Five sets of eyes turned toward Rena. “I can manage it," she agreed.

Rena was torn between feeling like they were harmlessly teasing her, and feeling guilty because she was always late. Her normal routine was to fly in at the last minute, throw her coat on a hanger and jump into her choir gown as she raced up the stairs. But, she hadn’t missed yet.

“Then that’s what we’ll do,” Kate said. “That way we’ll have a full choir.”

They worked hard for the rest of the rehearsal, perfecting Sunday’s anthem. Sissy was happy that she’d be able to sing after all, but it just didn’t sit right with Rena.

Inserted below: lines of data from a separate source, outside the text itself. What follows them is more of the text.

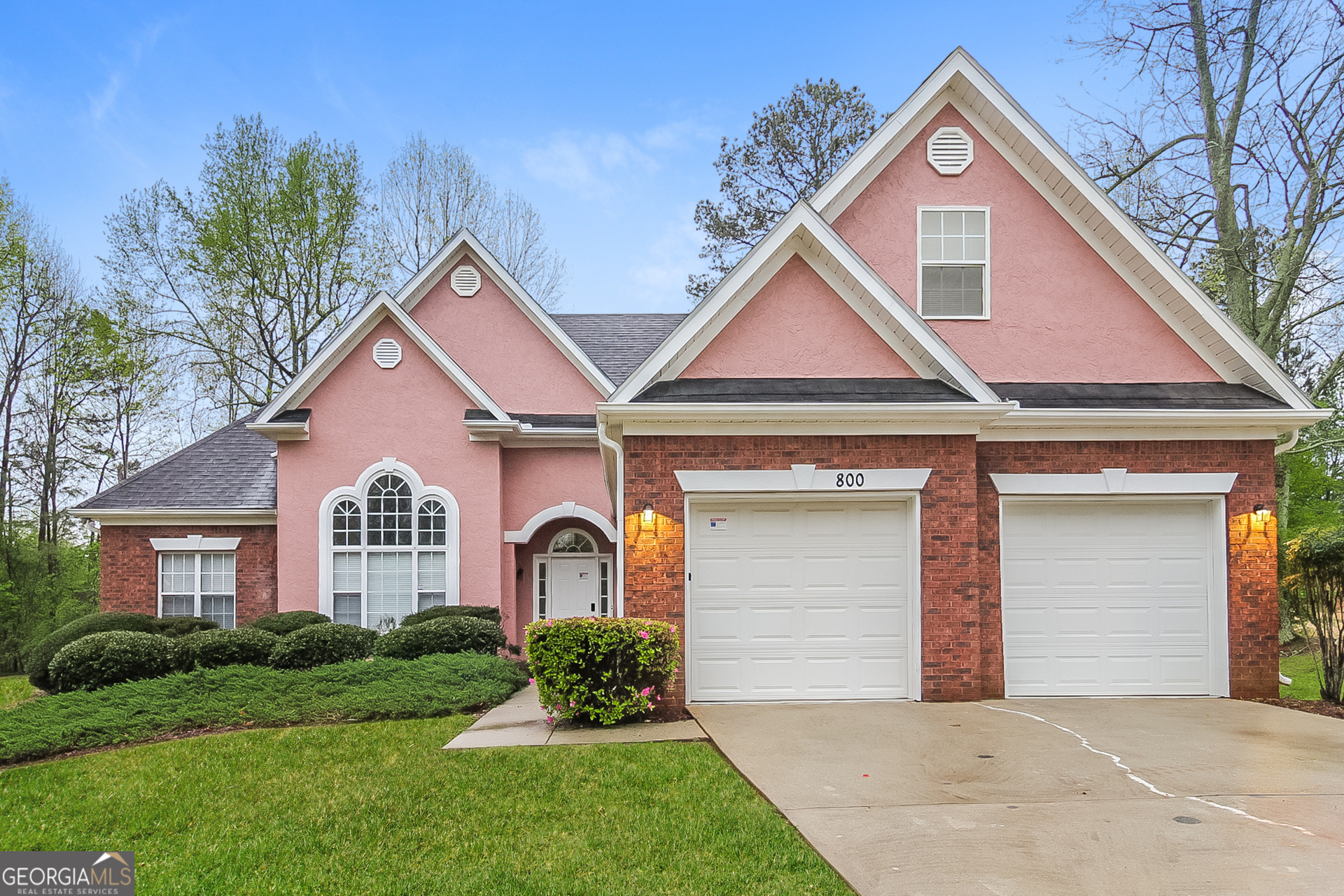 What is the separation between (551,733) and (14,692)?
1120 cm

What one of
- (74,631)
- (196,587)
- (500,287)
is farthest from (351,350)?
(74,631)

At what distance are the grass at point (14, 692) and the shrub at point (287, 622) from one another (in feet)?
10.7

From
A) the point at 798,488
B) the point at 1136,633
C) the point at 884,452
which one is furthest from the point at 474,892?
the point at 1136,633

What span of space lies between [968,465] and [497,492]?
8.49 metres

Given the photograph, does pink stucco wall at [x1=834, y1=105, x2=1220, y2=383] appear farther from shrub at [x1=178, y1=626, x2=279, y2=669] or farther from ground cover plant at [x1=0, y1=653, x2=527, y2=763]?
shrub at [x1=178, y1=626, x2=279, y2=669]

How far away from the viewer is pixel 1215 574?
1035 centimetres

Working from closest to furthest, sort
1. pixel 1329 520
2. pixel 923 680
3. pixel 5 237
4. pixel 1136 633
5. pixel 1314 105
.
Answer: pixel 923 680 < pixel 1136 633 < pixel 1314 105 < pixel 1329 520 < pixel 5 237

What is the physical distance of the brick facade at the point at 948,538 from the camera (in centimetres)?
948

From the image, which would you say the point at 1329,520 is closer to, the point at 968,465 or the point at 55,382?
the point at 968,465

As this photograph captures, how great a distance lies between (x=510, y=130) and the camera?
93.6ft

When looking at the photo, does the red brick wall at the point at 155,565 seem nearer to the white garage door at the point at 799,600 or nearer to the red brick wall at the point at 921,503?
the red brick wall at the point at 921,503

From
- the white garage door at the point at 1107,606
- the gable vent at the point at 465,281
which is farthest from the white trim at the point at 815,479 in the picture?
the gable vent at the point at 465,281

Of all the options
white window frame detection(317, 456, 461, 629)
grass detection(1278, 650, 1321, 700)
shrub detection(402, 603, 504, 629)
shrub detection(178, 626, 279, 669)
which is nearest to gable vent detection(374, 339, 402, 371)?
white window frame detection(317, 456, 461, 629)

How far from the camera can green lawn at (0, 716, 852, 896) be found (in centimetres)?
474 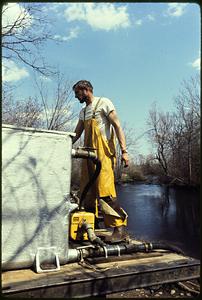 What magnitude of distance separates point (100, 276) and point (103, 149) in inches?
61.4

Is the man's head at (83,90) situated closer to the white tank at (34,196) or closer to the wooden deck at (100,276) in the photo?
the white tank at (34,196)

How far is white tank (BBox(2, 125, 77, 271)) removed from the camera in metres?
2.43

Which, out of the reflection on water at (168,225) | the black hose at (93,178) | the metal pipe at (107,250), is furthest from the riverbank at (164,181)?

Rena didn’t mind changing the order of things, that wasn’t it. It was the underlying reason. Sissy had to leave - during worship service, on a Sunday - to sell trinkets at some kiosk so that she could make a few bucks. Some people honestly had to work on Sundays, like nurses. Now that was a real job. Not selling stuff. Yet everybody wanted to bend over backward for Sissy.

Where were people’s values?

Thursday, Friday and Saturday passed by in a blur. Rena packed too much into her days, stayed up later than she should have each evening and woke up tired on Sunday morning. She hit the snooze button once, twice,- ah, but then she got up. Even though she didn’t agree with the reason, she would not be late this Sunday morning. She arrived at church a full five minutes early.

In the Narthex, Wendy Marshall greeted her happily. “Hey, how’s Michael doing at college? We really miss him in the youth group.”

“Oh, thanks for asking! That boy is just going and going. He’s the captain of...”

“Rena, do I hear your voice?” Sissy was peeking up the stairs. “You need to get down here right away. Did you forget? We’re singing first thing!”

Well, of all the misplaced, self-righteous nerve, Rena glowered to herself.

“No, I didn’t forget, why do you think I’m here now?” She could be simple when the circumstances called for it.

“Well, hurry up, you still need to get your gown on,” Sissy persisted.

“I’d be doing just that if I wasn’t debating with you,” Rena was pushing the limits and she didn’t care.

“Don’t you go blaming me,” the smile disappeared from Sissy’s face and it didn’t come back.

The anthem was beautiful. The words told how in this church we are brothers and sisters and we are blessed by our connections of love and understanding. Kate sure knew how to pick great music.

Once the anthem was over, Rena begrudgingly made way for Sissy to leave the choir loft. She watched in disapproval as Sissy went off to her ridiculous job.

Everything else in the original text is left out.